COMP2310/COMP6310:
Concurrent and Distributed Systems
Semester 2 2012
COMP2310 Assignment 2: Concurrent and Distributed QuickSort
Deadline: 17:00 on
Friday 26 October
(Please report any errors, omissions and ambiguities
to the course lecturer)
(Amendments to this document after its release
will be marked in
blue)
This assignment is worth 18% of your total course mark. It will be
marked out of 36.
Submission
This assignment must be submitted electronically. This can be done
using the following commands (according to your enrollment):
submit comp2310 ass2 distquicklib.c report.txt
submit comp6310 ass2 distquicklib.c report.txt
Extensions
See the
course Assessment page.
| How Late | Penalty from 36 Marks |
|---|
| less than 1 hour | -2 |
| between 1 and 6 hours | -4 |
| between 6 and 24 hours (1 day) | -8 |
| between 24 and 48 hours (2 days) | -16 |
| between 48 and 72 hours (3 days) | -32 |
| more than 72 hours (4 days) | -64 (forget it!)
|
Objectives
- To implement a concurrent algorithm using three Posix-based concurrency
architectures: pipes, sockets, and threads.
- To gain experience in Unix system calls and libraries related towards
communication and concurrency, including using appropriate
defensive programming methods.
- To explore issues of concurrency and parallelism on a modern
multicore processor.
Background
Many algorithms requiring substantial computational resources have a
tree-like structure (i.e. use a divide-and -conquer strategy). These can
normally adapted to a distributed computation, and especially the case
if the tree can be kept balanced (i.e. use p=2k
processors by assigning p/2 processes to the left sub-tree and
p/2 to the right sub-tree). quicksort is an
example of this.
In this assignment you will implement various forms of a distributed
quicksort using various IPC and shared memory features of Unix and the
C programming language.
The figure below depicts the structure of a distributed quicksort with
p = 8 processes. The tree indicates the process structure,
beginning with process 0 at the top-level (d = 0).
The process partitions the array into (hopefully balanced) left and right
segments. This means that a call to the
partition() function has performed the appropriate
swapping of array elements, so that all
elements in the left partition are ≤ all elements in the right
partition, in which case the sorting can proceed on both the
left and right partitions ndependently.
Then,
instead of spawning 2 child processes, it only spawns 1 for the right
sub-tree, and then it processes the left sub-tree itself. This continues
recursively for k = log2(p) levels, at which point
p processes have been created.
These processes sort their respective segment of the array.

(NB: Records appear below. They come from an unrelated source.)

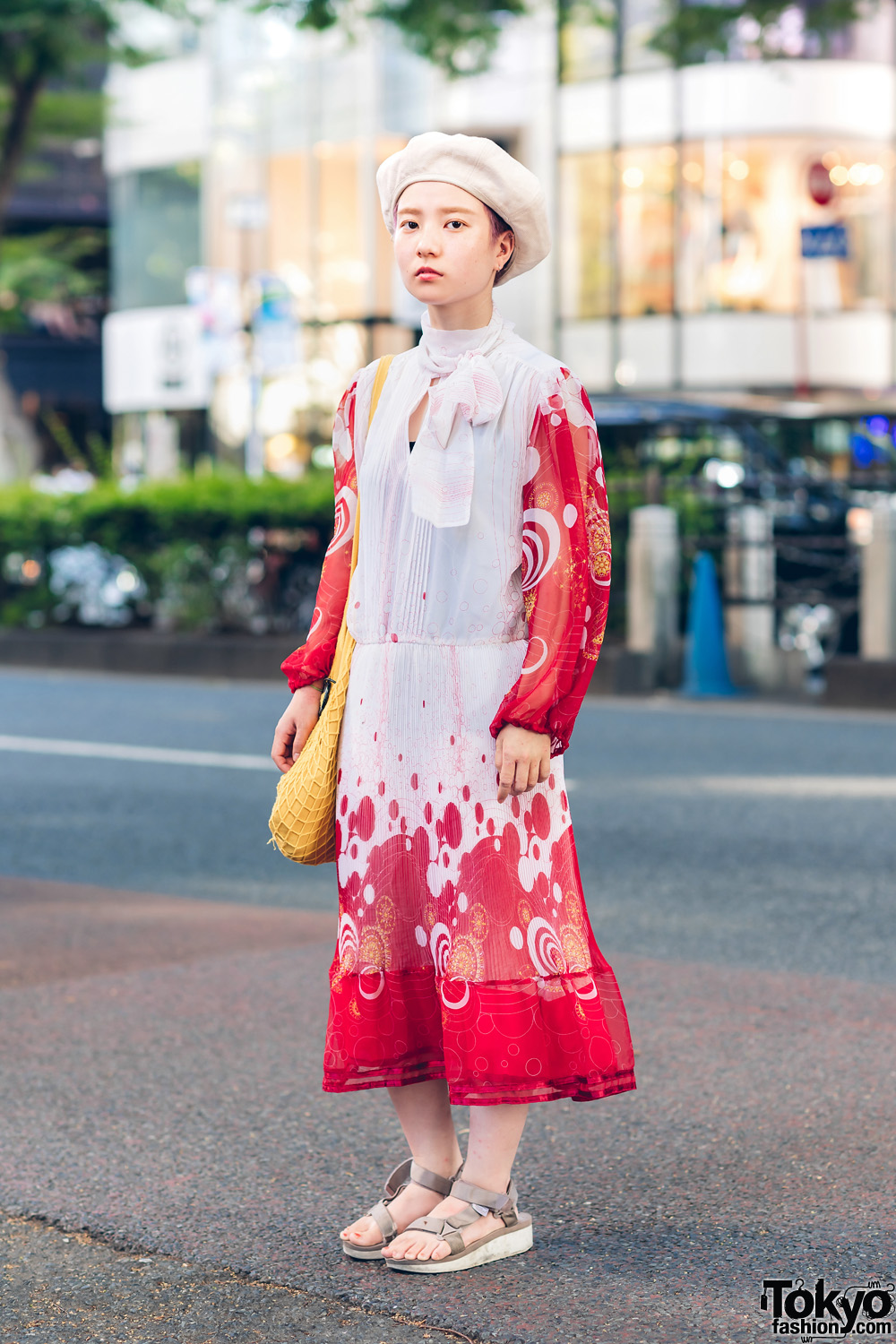 Japanese Hair Stylist in Chic Street Style w/ Beret, Hawkins, Quarter ...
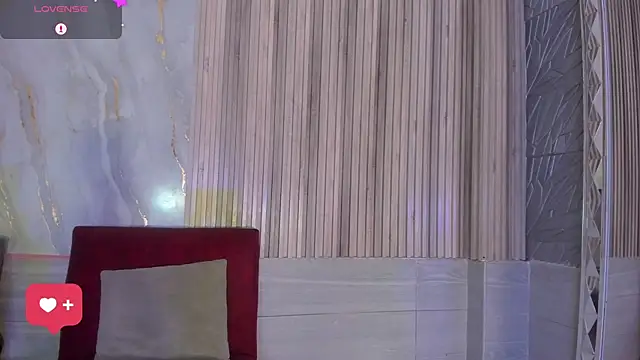 BriannaChelsea élő XXX-chatje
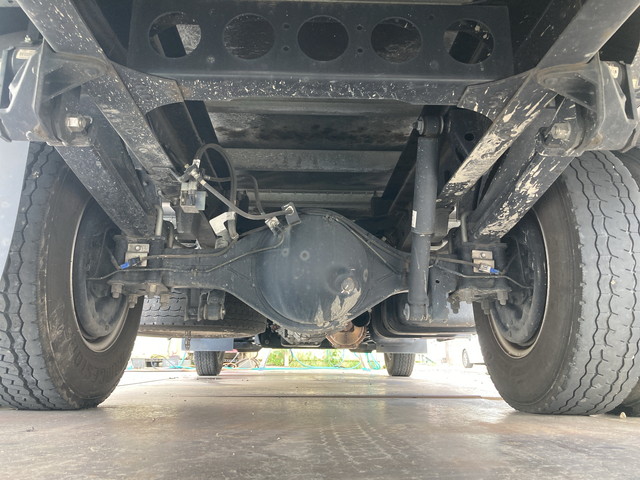 いすゞエルフアルミバン小型（2t・3t）[写真24]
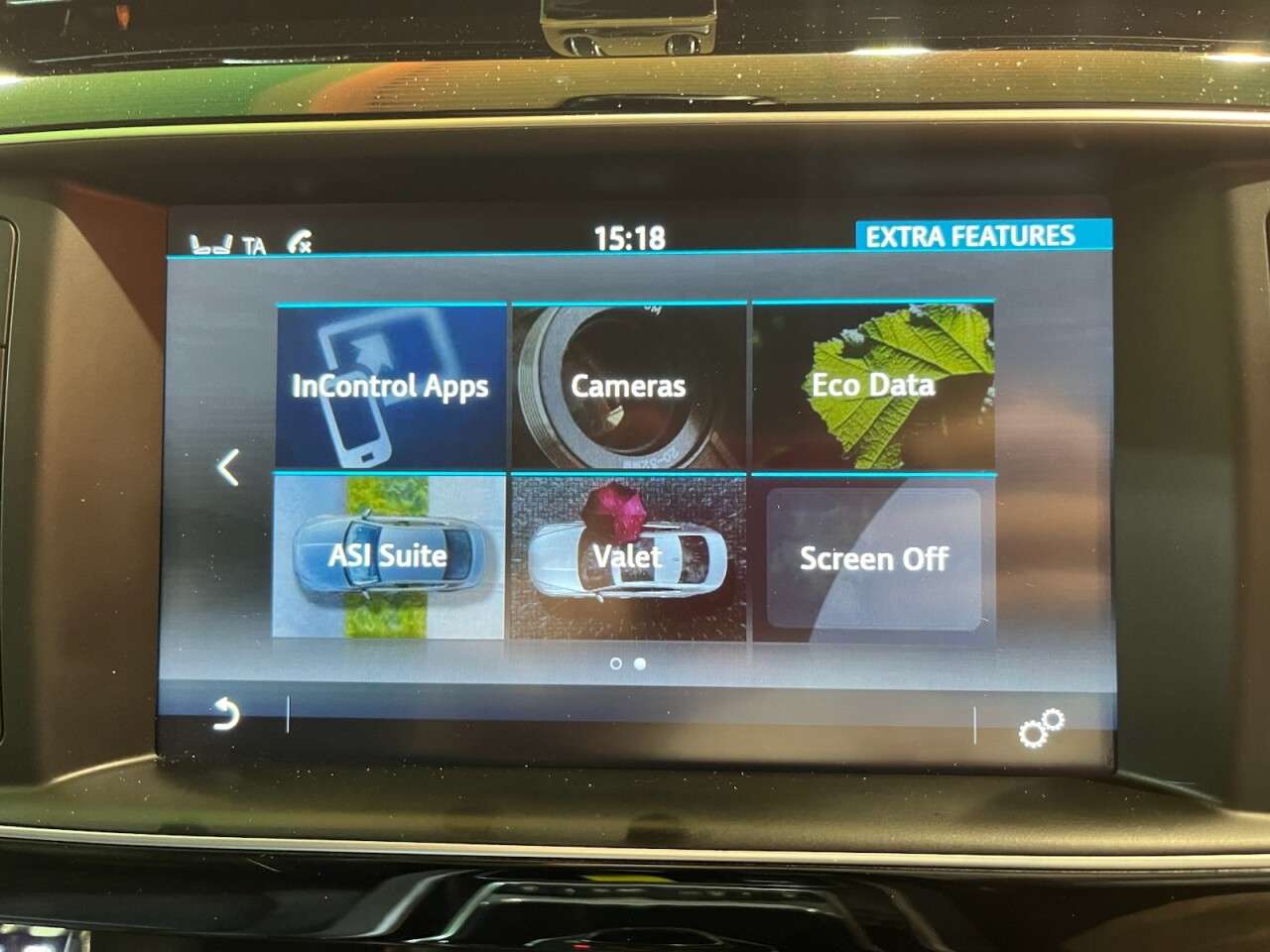 2017 JAGUAR XE 2017 JAGUAR XE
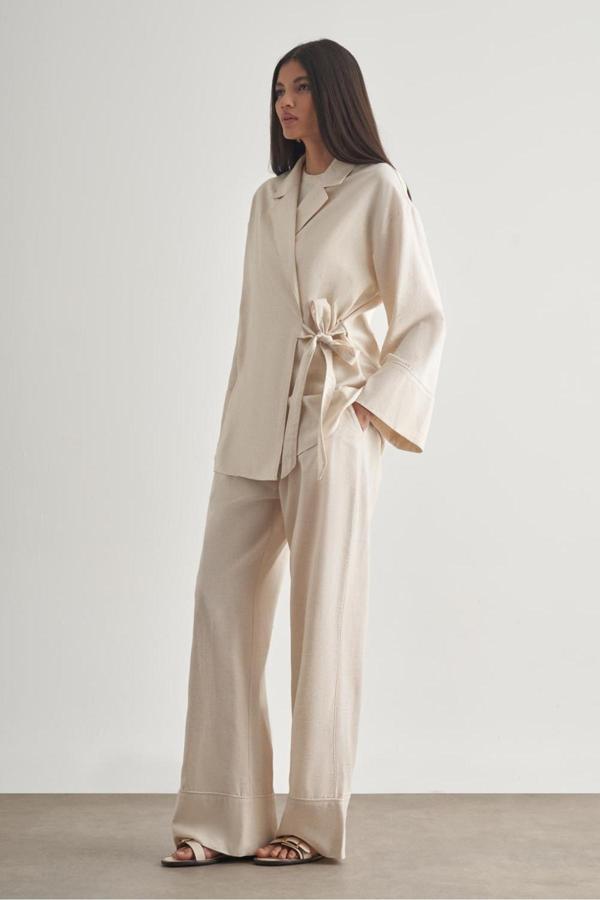 Mizalle Keten Karışımlı Anvelop Bağlı Bej Rengi Kimono Ceket - Image 1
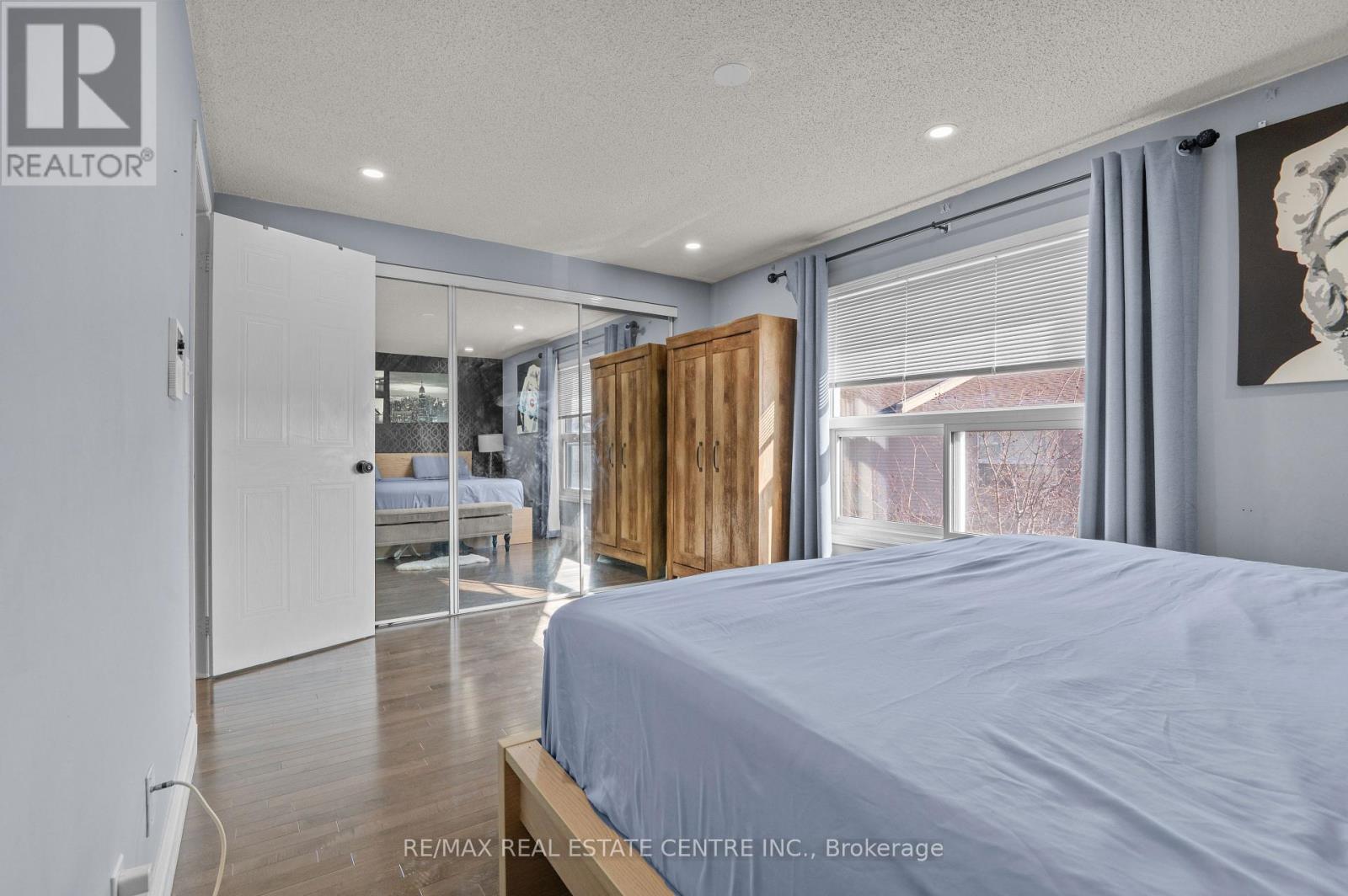 10 - 1570 Reeves Gate, Oakville, Ontario  L6M 3J3 - Photo 37 - W12833062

Then, the tree structure is traversed
upwards, with the respective process at each node then copying the array
segment from its right child into its own segment.
In this step the right child may have to explicitly communicate
its array segment; then that process is free to terminate. As the tree
traversal returns to level d = 0, process 0 will have
gathered the whole sorted array. The following diagram illustrates
the process with N=16 and p=8.
Each process must initially be given the left land
right r indices for its initial array segment. Let's say it
is at level d. As it descends a level, the partition step
splits the interval [l,r] into [l,m]
and [m+1,r] (note that the split in general will not be
exactly even, as shown above). Thus at level d+1, the left
index remains constant for that process, but the right changes. The
right indices can be recorded in an array
structure, r[0..k-1]. When it later re-ascends to
level d, it can determine the starting index of the
segment for the child on
the right using r[d+1]+1.
Setup
The file ass2.zip
(modified 16/10)
contains template files for
the files that you will submit. It also contains a library of provided
functions in quicklib.h and quicklib.c. It also
contains a Makefile which should be used to compile the
programs (note the use of the -Wall and -lmcheck).
Copy these files into your local directory area before you begin work
on your programs. You can compile the system with the simple command
make. The synopsis of the test program program is:
quicksort [-p|-s|-t] [-v v] [-d]
n [p [s]]
where -p selects the sort using pipes (the default),
-s selects the sort using sockets and -t
selects the sort using (Posix) threads. n is the array length.
If -d is selected,
printing of the array is turned on -
for debugging purposes. p is the number of processes or
threads to be used in the sort (default value is 1); you may assume that
p is a power of 2. s is a random number seed
(default value 0) used for generating array values.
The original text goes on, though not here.